* [GOAL OF THE EXERCISE] Every entry is to be restated exactly; pictures are not part of the copy.
*****
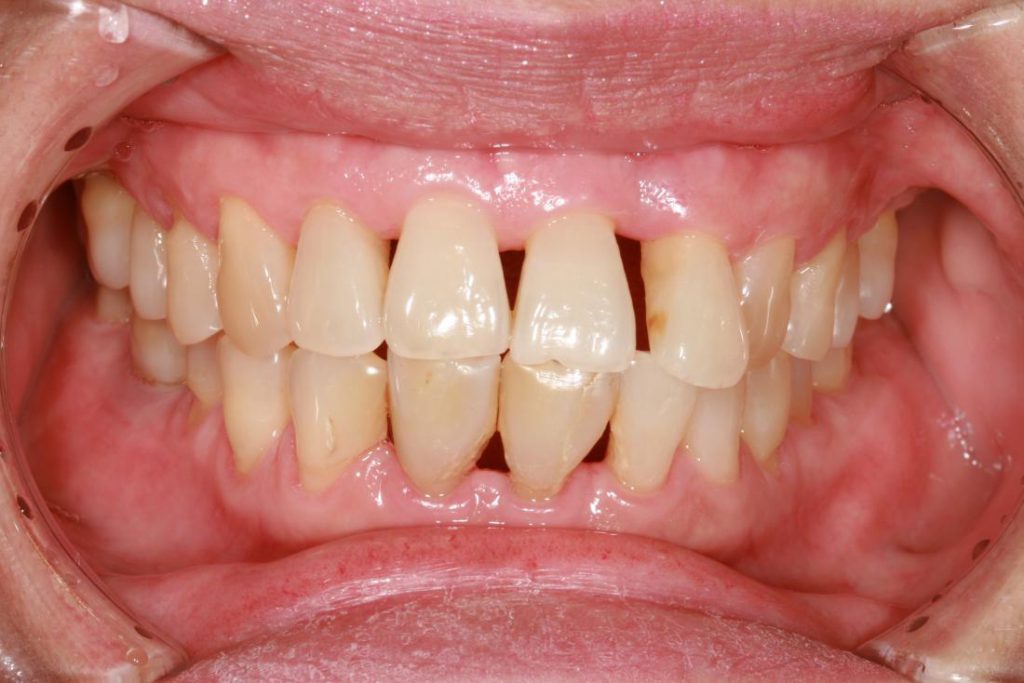 what-is-periodontitis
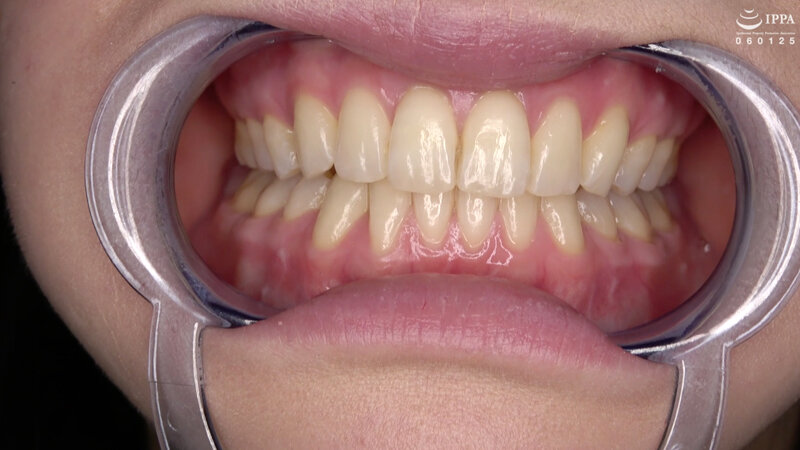 ad-1411 sample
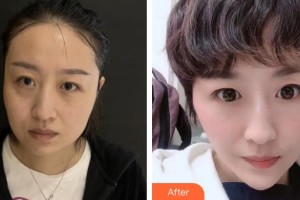 首都医科大学附属复兴医院整形美容中心高尚整形价格表附埋线提升案例展示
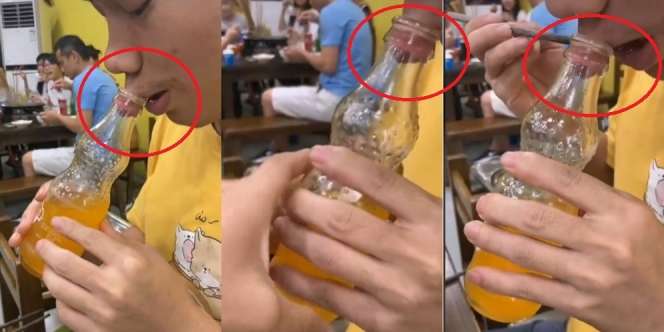 Kelewat Iseng Saat Gabut, Bibir Pria Ini Masuk ke Botol dan Ga Bisa Dilepas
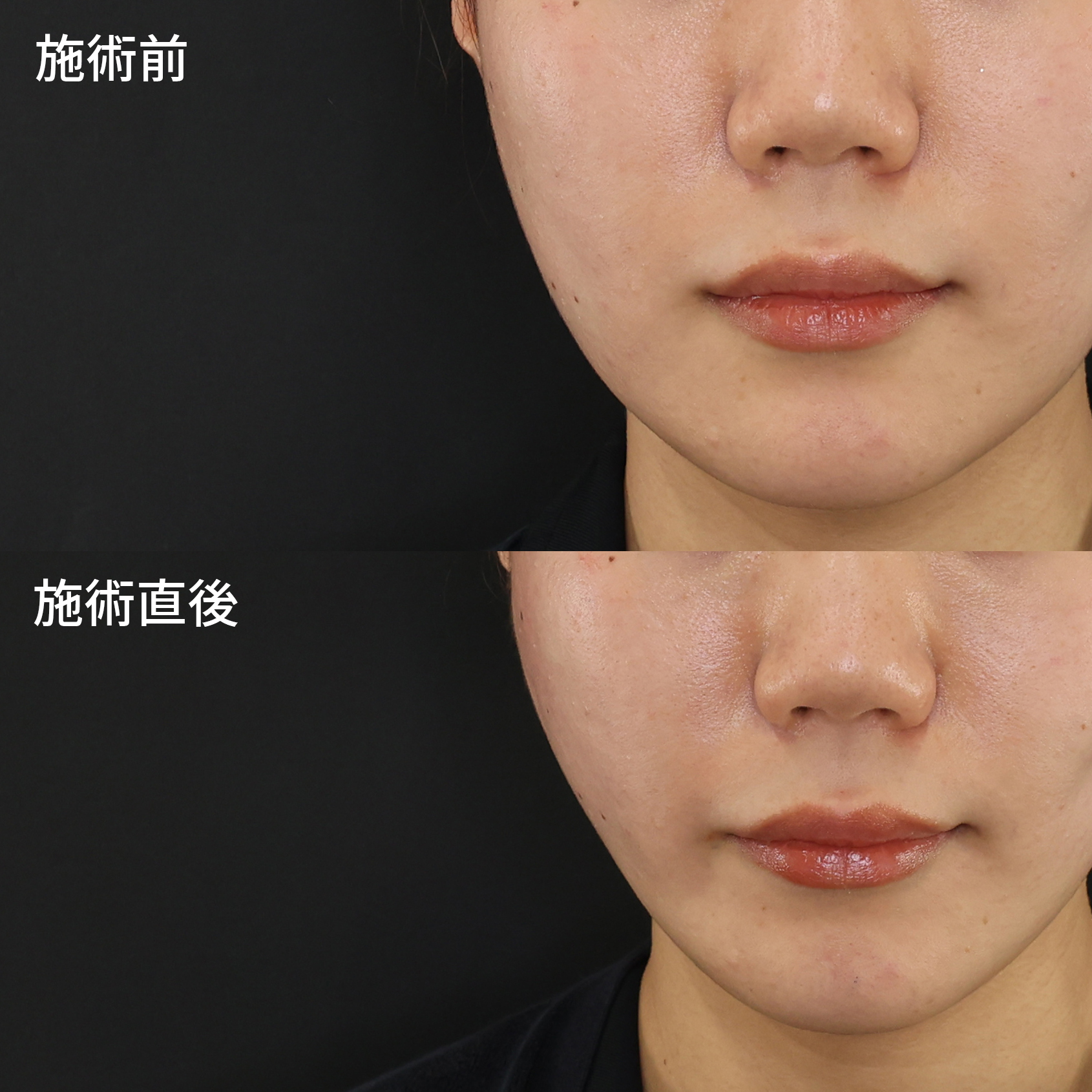 TAC式 ツヤ肌コラーゲンリフト®の症例写真 施術前後 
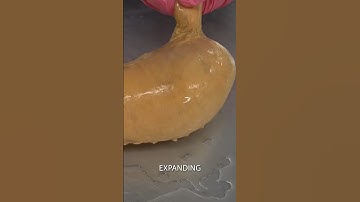 How Big is the Human Stomach?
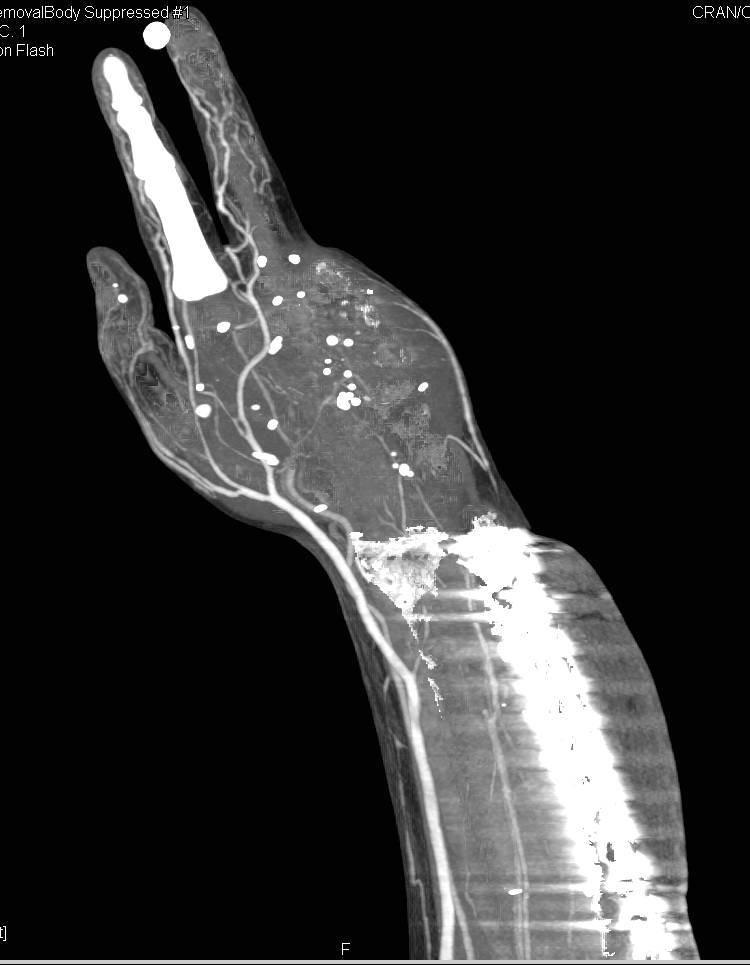 3D Mapping of the Hand and Forearm in Patient with Prior trauma and Repair - CTisus CT Scan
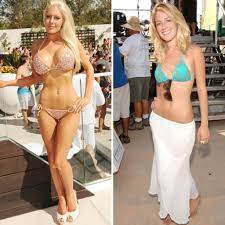 Heidi Montag Sex Tape -- Pre and Post-Op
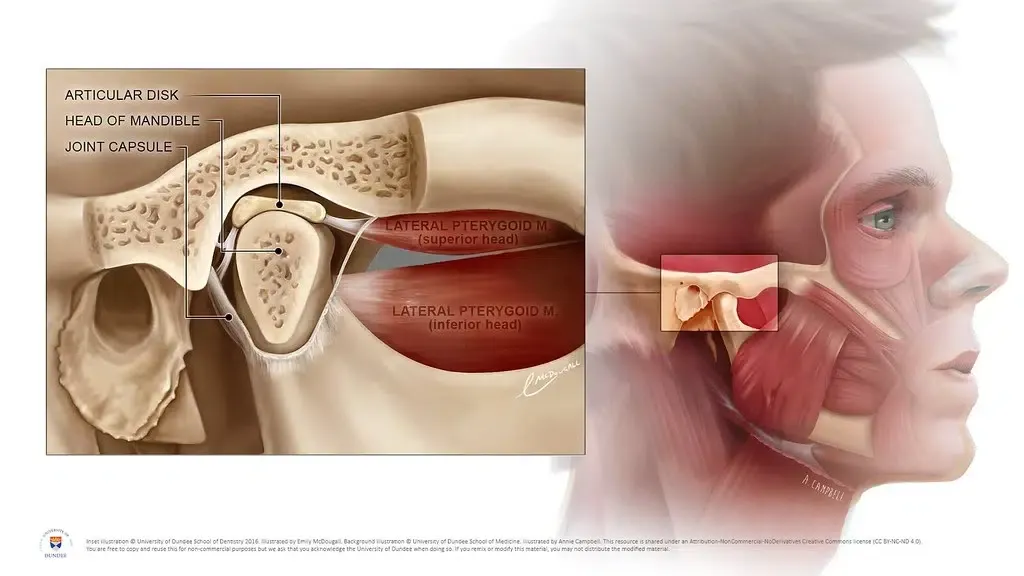 Temporomandibular joint disorder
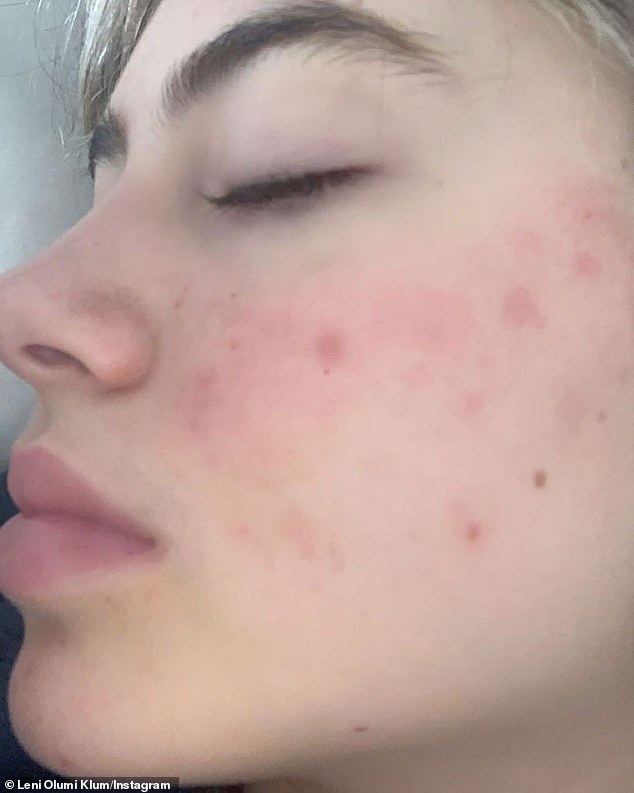 «#nomakeup #nofilter #sowhat», — написала она в хэштегах.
*****
* [ANSWER TO THIS TASK]
 what-is-periodontitis
 ad-1411 sample
 首都医科大学附属复兴医院整形美容中心高尚整形价格表附埋线提升案例展示
 Kelewat Iseng Saat Gabut, Bibir Pria Ini Masuk ke Botol dan Ga Bisa Dilepas
 TAC式 ツヤ肌コラーゲンリフト®の症例写真 施術前後 
 How Big is the Human Stomach?
 3D Mapping of the Hand and Forearm in Patient with Prior trauma and Repair - CTisus CT Scan
 Heidi Montag Sex Tape -- Pre and Post-Op
 Temporomandibular joint disorder
 «#nomakeup #nofilter #sowhat», — написала она в хэштегах.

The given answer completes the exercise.